Re: [GENERAL] Invalid byte sequence for encoding UTF8: 0xedbebf

2011-06-17 Thread Albe Laurenz
BRUSSER Michael wrote:
 Is there a way to find the records with the text field containing
Unicode bytes 0xedbebf?
 Unfortunately this is a very old version 7.3.10

 This should work on 7.3 (according to the documentation):
 SELECT id FROM nlsdata WHERE position('\360\235\204\236'::bytea IN
val::bytea) = 1;

 Albe, thanks for pointing this out!

 I made a minor change, added decode since text cannot be cast to bytea
and tried something like this:
  SELECT id FROM myTable WHERE position('\360\235\204\236'::bytea IN
decode(myTextField, 'escape')) !=0
  ERROR:  decode: Bad input string for type bytea

Hrm. I didn't know that there was no cast from text to bytea in 7.3.

 Maybe this explains why?
 testdb=# select decode('\360\235\204\236'::text, 'escape');
 ERROR:  Unicode = 0x1 is not supported

No, that is an error on my side. I gave you the wrong byte sequence.

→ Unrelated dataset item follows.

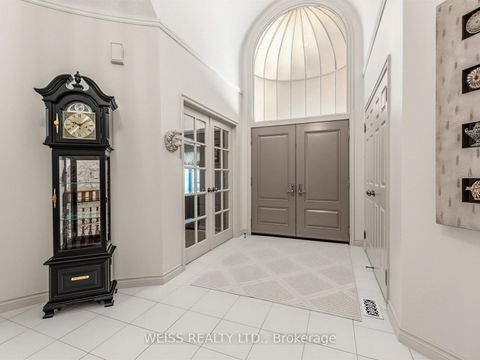 Photo 4 at 238 Bourbon Street, East Woodbridge, Vaughan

For 0xedbebf you should actually write '\355\276\277'. But that's no
valid UTF-8 sequence.

 but I'm not ready to give up yet...

If you know the byte sequence that causes trouble, you could also use
something like sed
to search and replace it in the dump file.

Or (if there are not too many) you could search for the pattern and
identify the rows
in the database. Then you know which database rows to update.

Yours,
Laurenz Albe

-- 
Sent via pgsql-general mailing list (pgsql-general@postgresql.org)
To make changes to your subscription:
http://www.postgresql.org/mailpref/pgsql-general


Re: [GENERAL] Invalid byte sequence for encoding UTF8: 0xedbebf

2011-06-16 Thread Albe Laurenz
BRUSSER Michael wrote:
 Is there a way to find the records with the text field containing
Unicode bytes 0xedbebf?

 Unfortunately this is a very old version 7.3.10

This should work on 7.3 (according to the documentation):

SELECT id FROM nlsdata WHERE position('\360\235\204\236'::bytea IN
val::bytea) = 1;

Here val is the column containing the values in question.

Yours,
Laurenz Albe

-- 
Sent via pgsql-general mailing list (pgsql-general@postgresql.org)
To make changes to your subscription:
http://www.postgresql.org/mailpref/pgsql-general


Re: [GENERAL] Invalid byte sequence for encoding UTF8: 0xedbebf

2011-06-16 Thread BRUSSER Michael
-Original Message-
From: Albe Laurenz [mailto:laurenz.a...@wien.gv.at]
Sent: Thursday, June 16, 2011 5:16 AM
To: BRUSSER Michael; pgsql-general@postgresql.org
Subject: RE: [GENERAL] Invalid byte sequence for encoding UTF8: 0xedbebf

BRUSSER Michael wrote:
 Is there a way to find the records with the text field containing Unicode 
 bytes 0xedbebf?
 Unfortunately this is a very old version 7.3.10

This should work on 7.3 (according to the documentation):
SELECT id FROM nlsdata WHERE position('\360\235\204\236'::bytea IN val::bytea) 
= 1;



Albe, thanks for pointing this out!

I made a minor change, added decode since text cannot be cast to bytea and 
tried something like this:
  SELECT id FROM myTable WHERE position('\360\235\204\236'::bytea IN 
decode(myTextField, 'escape')) != 0
  ERROR:  decode: Bad input string for type bytea

If I limit query to some healthy records -  AND id between 100 and 110 it 
works and returns empty result.
So the problem now is that without decode myTextField cannot be converted to 
bytea, with decode it breaks on the first 'bad' value.
Maybe this explains why?
testdb=# select decode('\360\235\204\236'::text, 'escape');
ERROR:  Unicode = 0x1 is not supported

Another thought is that if I get this to work I may need to search for anything 
outside of the standard utf range,
rather than any specific sequence. I am beginning to understand why many people 
dealt with this in the dump file,
but I'm not ready to give up yet...

As usual, any ideas are appreciated!
Thanks.


This email and any attachments are intended solely for the use of the 
individual or entity to whom it is addressed and may be confidential and/or 
privileged.

If you are not one of the named recipients or have received this email in error,

(i) you should not read, disclose, or copy it,

(ii) please notify sender of your receipt by reply email and delete this email 
and all attachments,

(iii) Dassault Systemes does not accept or assume any liability or 
responsibility for any use of or reliance on this email.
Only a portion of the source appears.